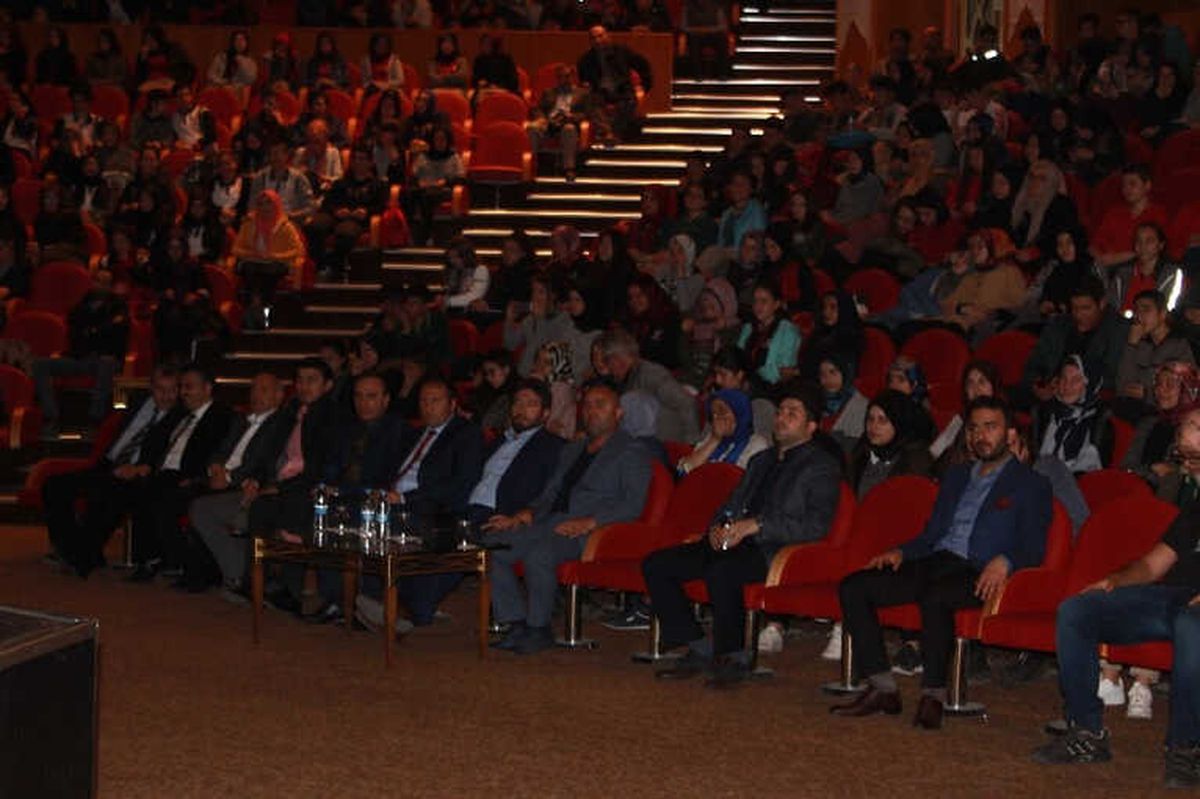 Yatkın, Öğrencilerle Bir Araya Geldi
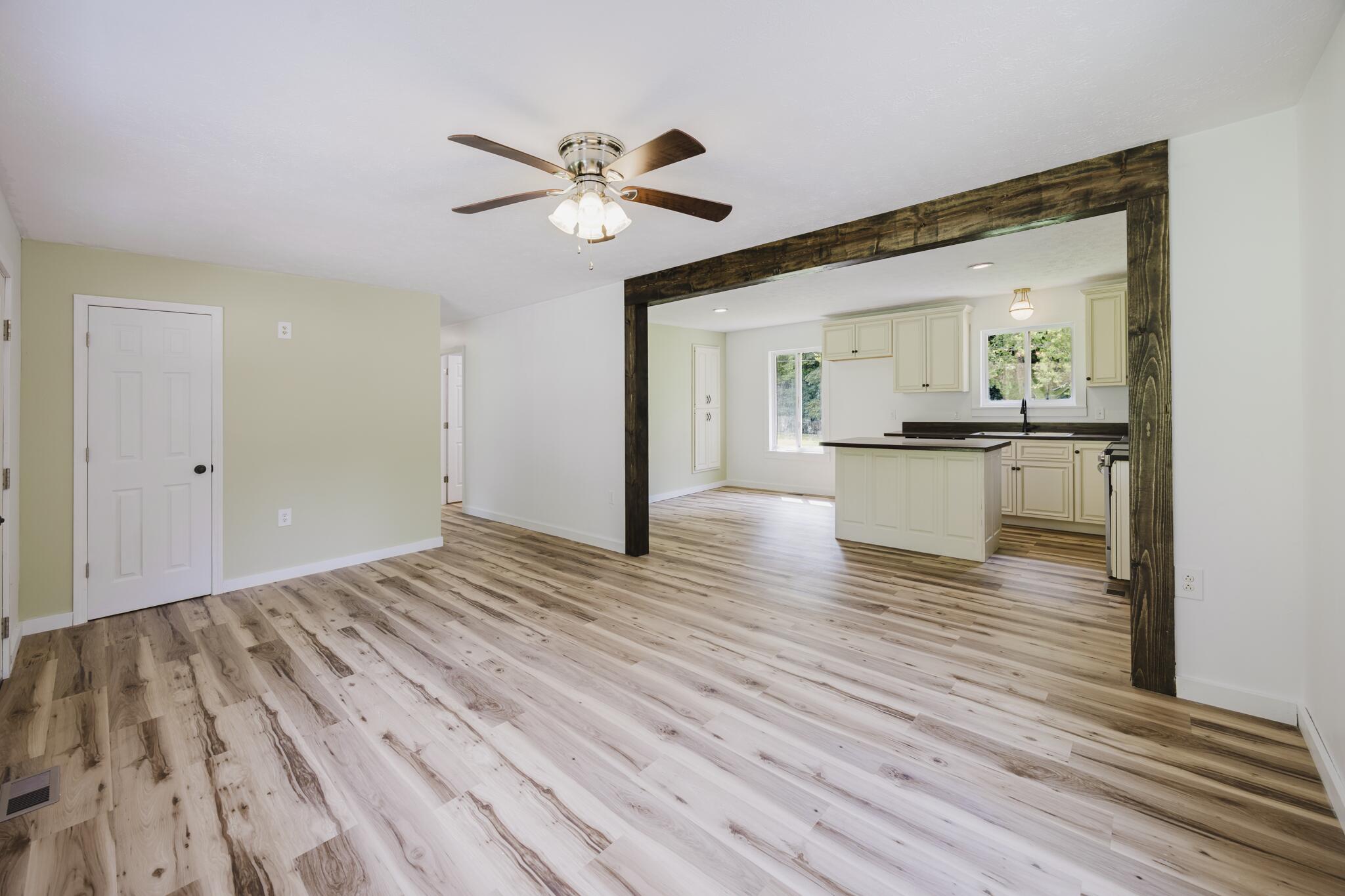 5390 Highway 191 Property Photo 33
-- -- --
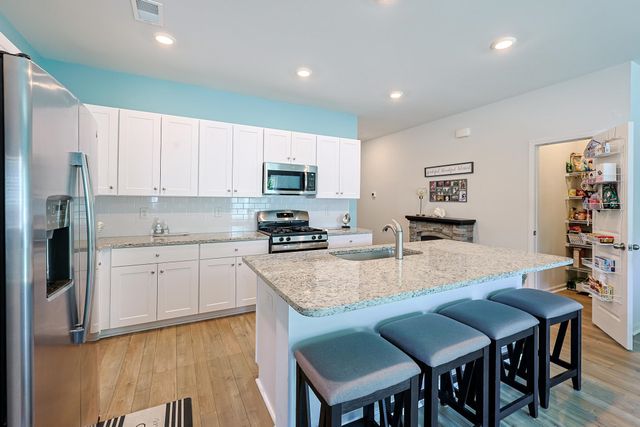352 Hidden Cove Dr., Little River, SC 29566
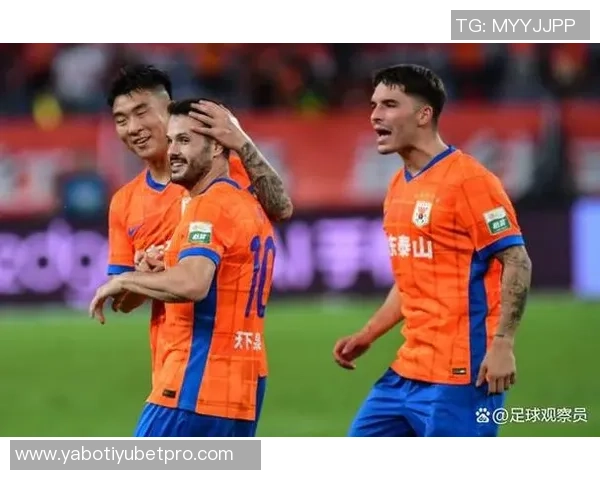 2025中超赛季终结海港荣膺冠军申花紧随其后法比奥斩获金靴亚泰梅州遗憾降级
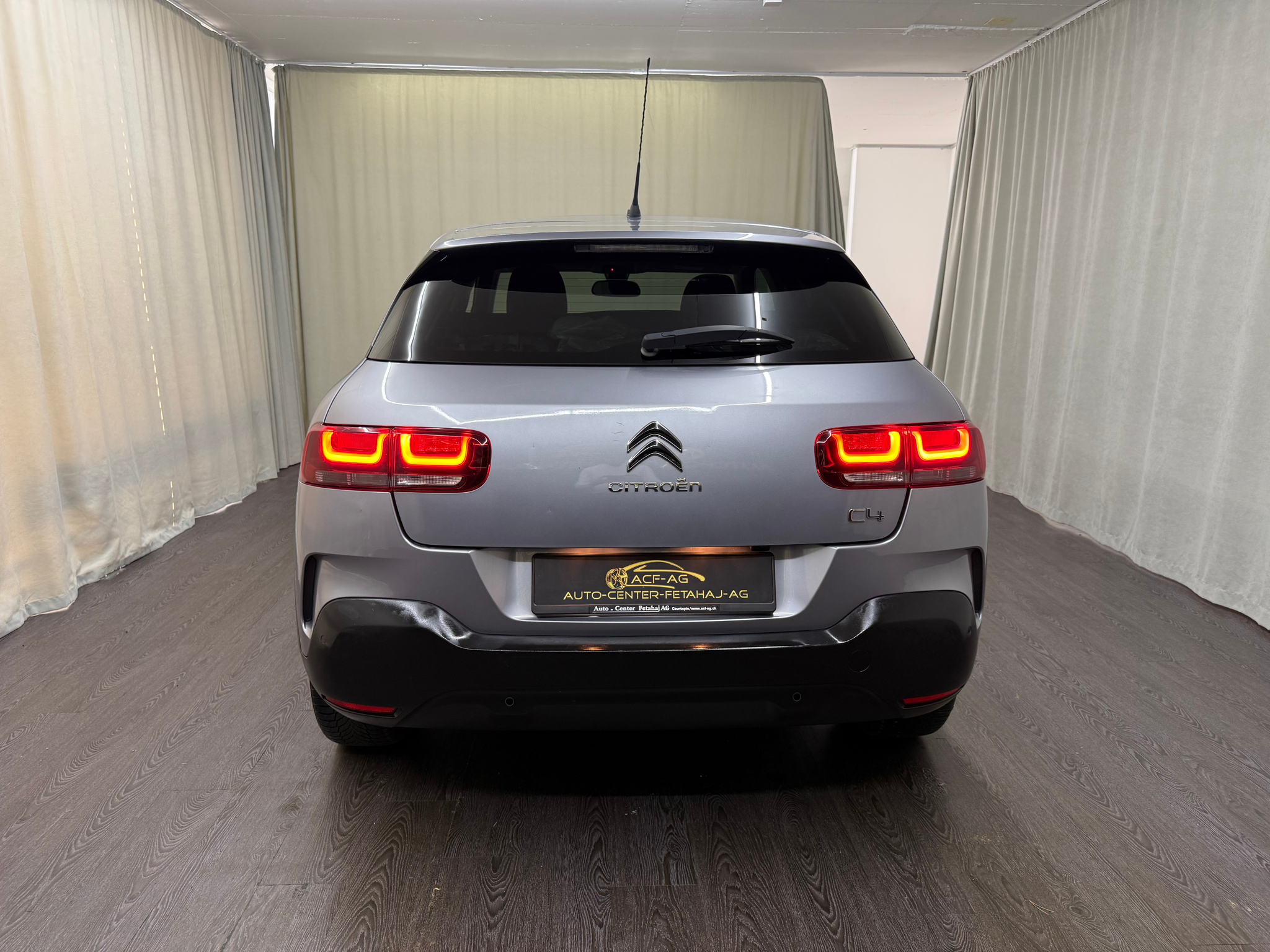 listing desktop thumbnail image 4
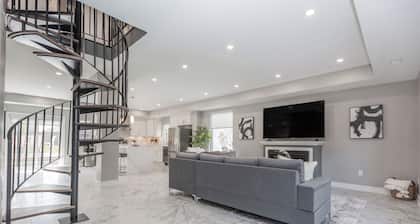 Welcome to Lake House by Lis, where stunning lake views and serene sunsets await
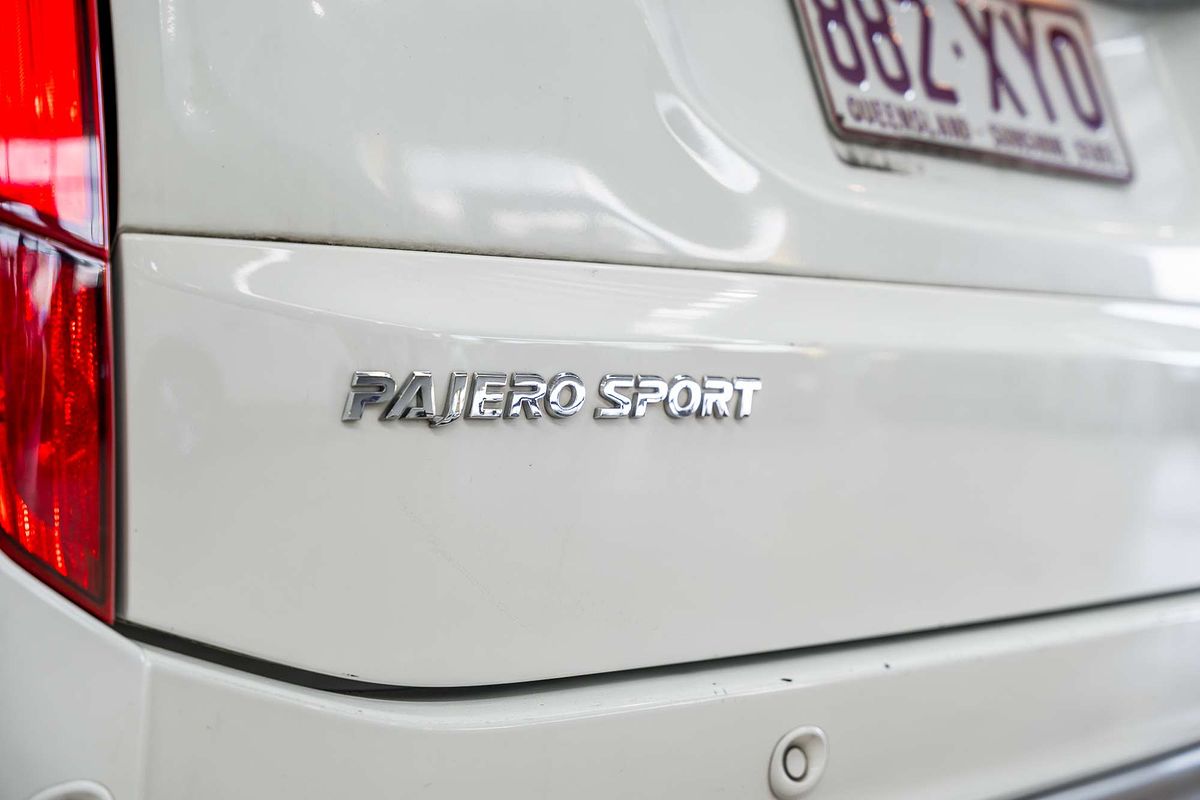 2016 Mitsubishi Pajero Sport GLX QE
-- -- --
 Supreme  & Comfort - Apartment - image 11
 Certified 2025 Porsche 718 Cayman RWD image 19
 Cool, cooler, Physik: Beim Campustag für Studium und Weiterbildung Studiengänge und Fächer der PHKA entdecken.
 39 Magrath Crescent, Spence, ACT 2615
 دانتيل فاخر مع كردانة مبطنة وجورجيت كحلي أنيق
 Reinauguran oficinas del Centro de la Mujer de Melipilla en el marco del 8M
-- -- --
— Your goal —
What you write must match the listing exactly, from the line with "listing desktop thumbnail image 4" up to and including the line with "2016 Mitsubishi Pajero Sport GLX QE". Pictures stay out.

— Task output —
 listing desktop thumbnail image 4
 Welcome to Lake House by Lis, where stunning lake views and serene sunsets await
 2016 Mitsubishi Pajero Sport GLX QE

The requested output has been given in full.